I'm always on the lookout for new books from Europa Editions - and when I saw this one, I snapped it up.
Alina Bronsky's first novel is hard to put down. It kept me up till one last night. There are so many books out there about murder and violence, but this story starts after the crime. Sascha watched her ex-stepfather Vadim shoot and kill her mother. Now she's seventeen and biding her time till Vadim gets out of jail, so she can kill him.
Her nine-year-old brother Anton thinks she has a good idea. He was there too. So was the toddler of the family, Alissa. They live in the Russian ghetto of Berlin, shunned by most of their neighbors for having such bad luck, but lovingly cooked for and cared for by their fat Russian cousin Maria.
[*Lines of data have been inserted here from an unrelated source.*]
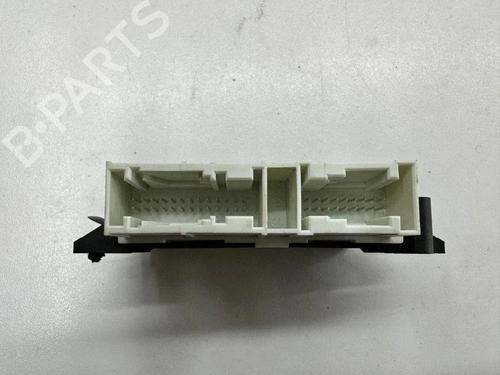 Electronic module SEAT ATECA (KH7, KHP) 1.4 TSI | BP40209362M83 - Image 2
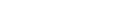 лого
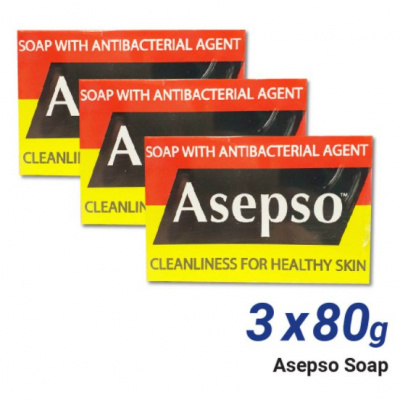 asepso_bar_soap_original_3x80g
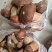 鸡枞菌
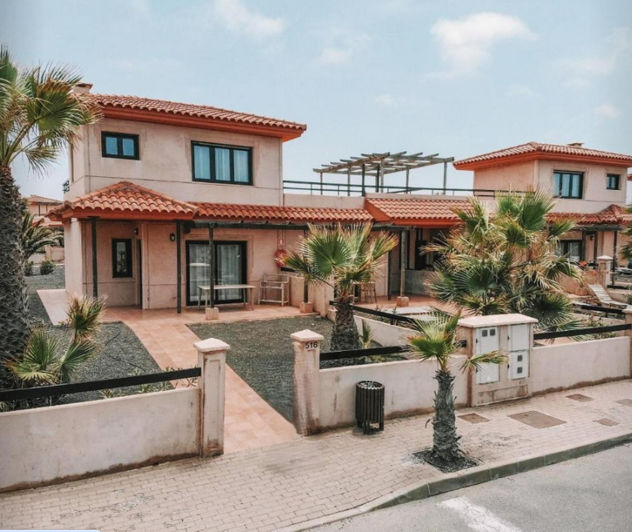 Image No.5-3 Bed House for sale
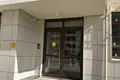 Apartamento 33 m² Odesa, Ucrania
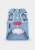 jeans królik7.png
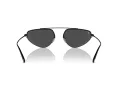 Ferrari Sonnenbrille FH 1010TD 301/87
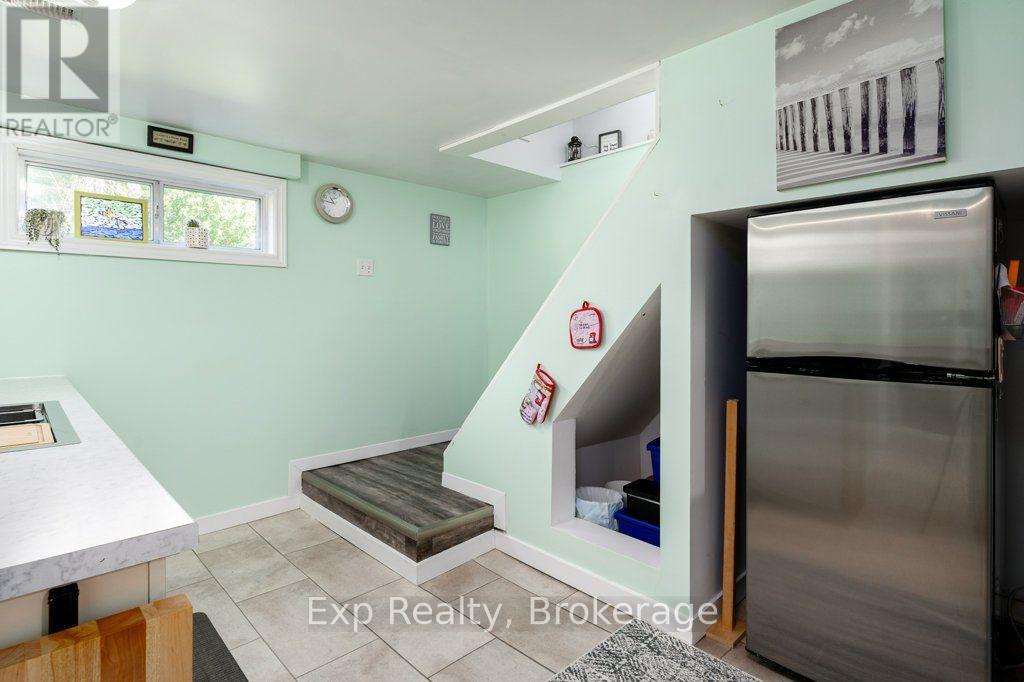156 Cedar Drive, Trent Hills, Ontario  K0L 1Y0 - Photo 23 - X13725546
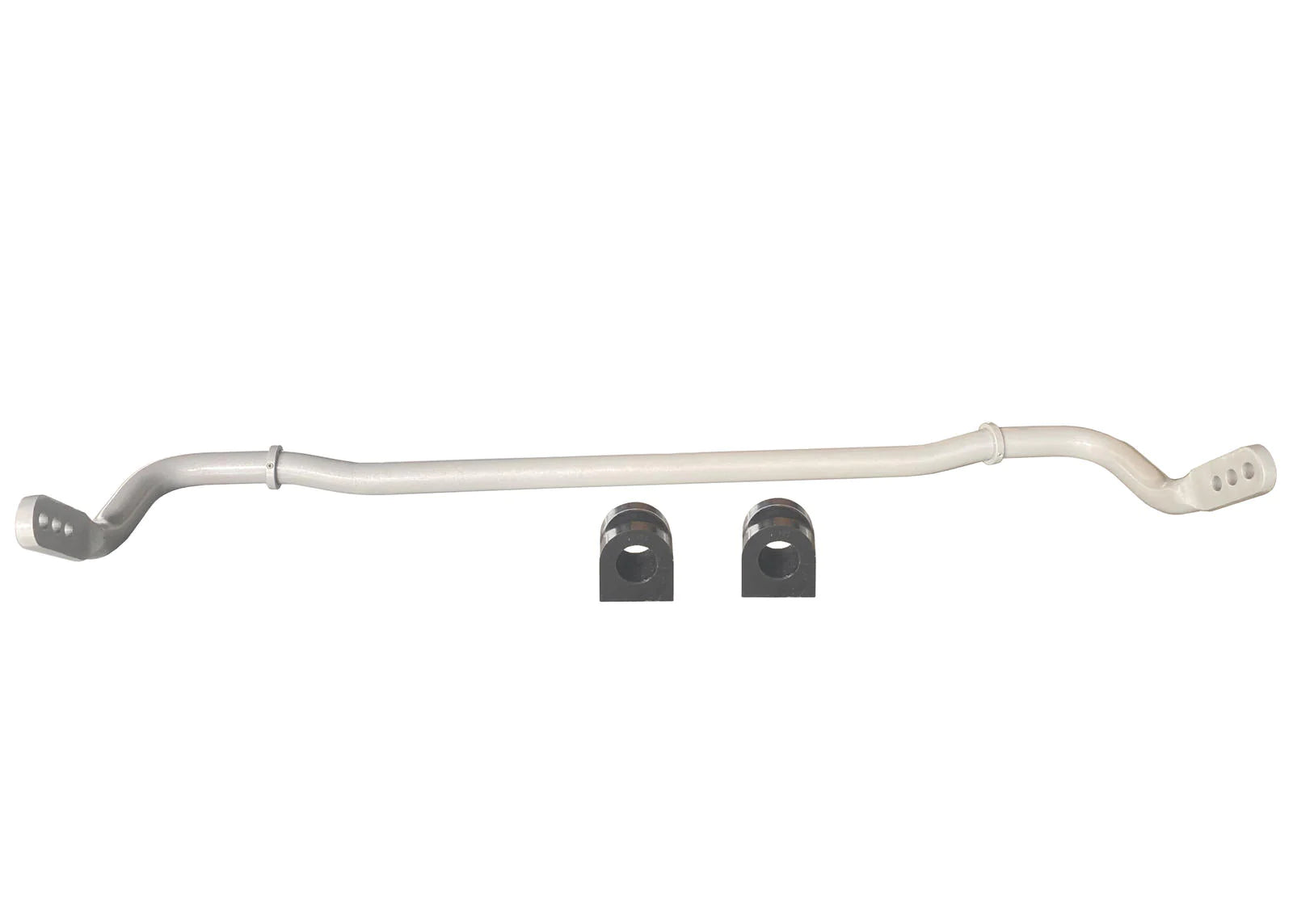 Whiteline - Adjustable Sway Bars - Tesla Model 3/Model Y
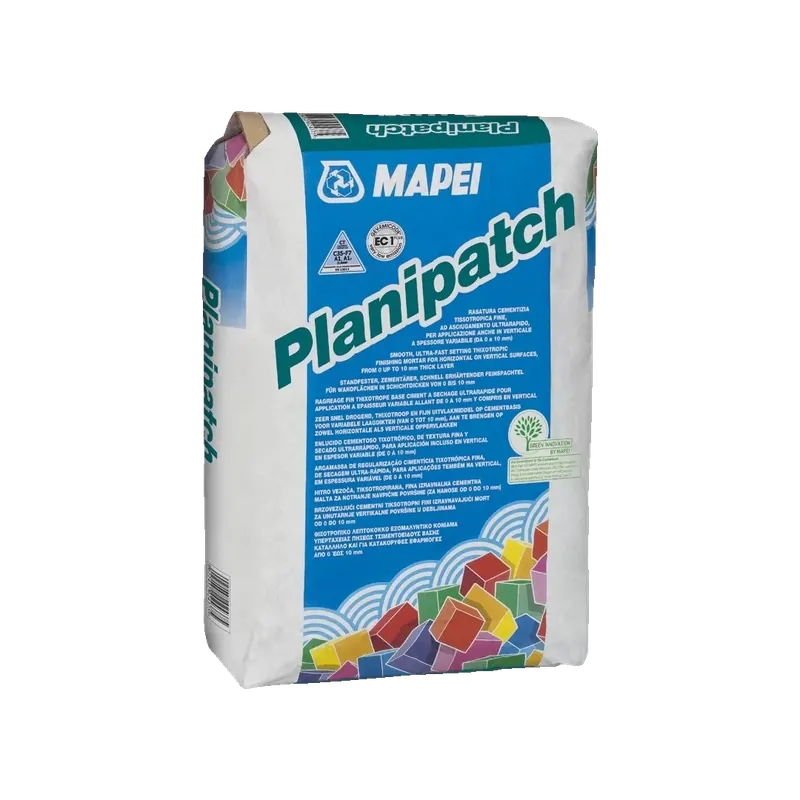 Ne maradj le Mapei PLANIPATCH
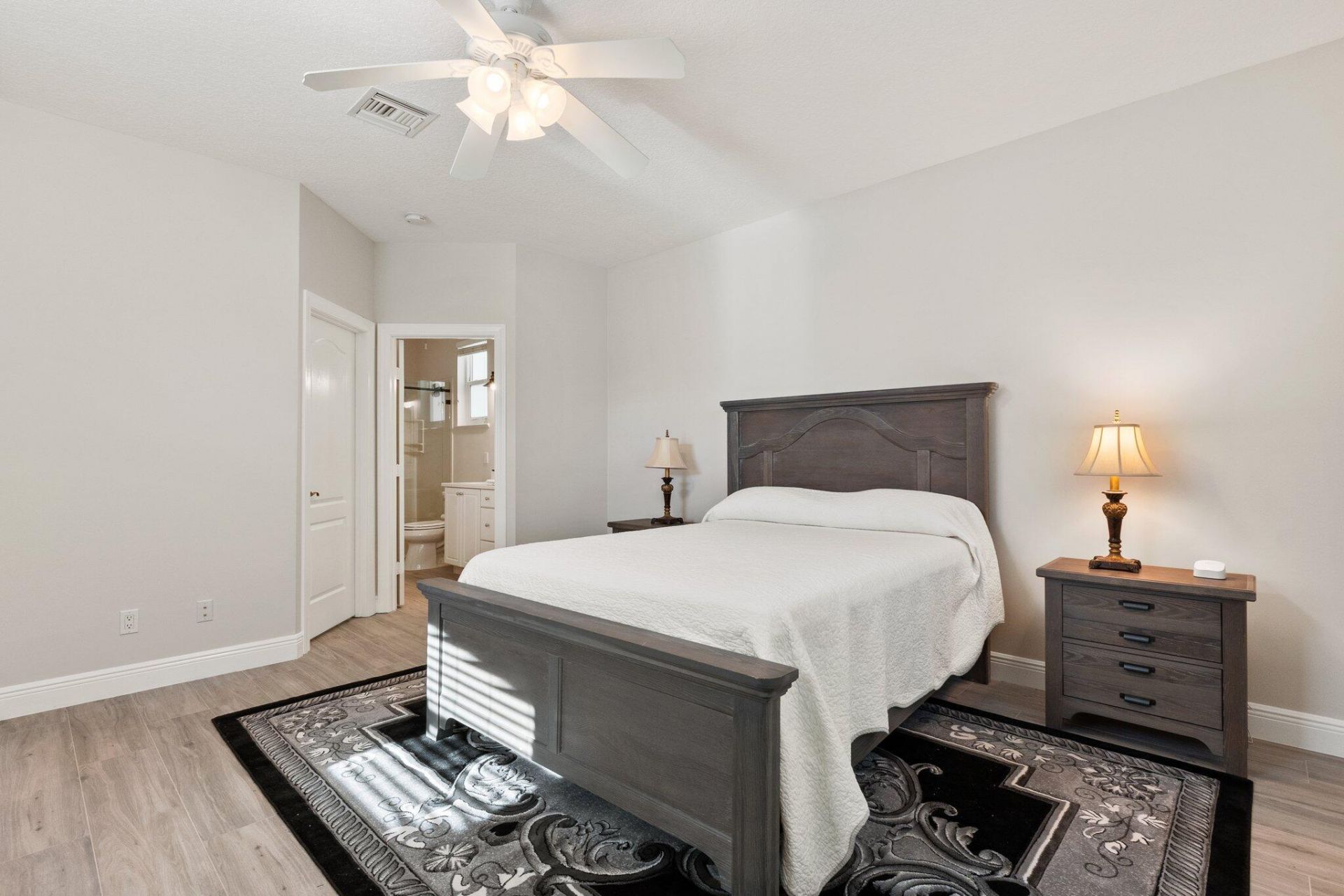 1680 SE Cypress Glen Way, Stuart, FL 34997 Photo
Sascha is brash, angry, fearless, oddly witty, often kind - and brilliant at math, chess and languages. She's not interested in drugs or alcohol, but she sometimes makes aggressive use of sex. In a strange way, even at her most self-destructive, she's working intelligently at repairing her personal damage. Totally likeable, she hardly knows how to handle it when people do like her.
There are lots of other wonderful characters, too, flawed in ways that only make them more interesting. Despite the plethora of broken heads, hearts and windows in this book, the dialog is often quite funny and the mood curiously upbeat.
I have to assume the translation is excellent, because Alina Bronsky comes across as a very fine writer with a truly original turn of mind. Hope she's at work on another book!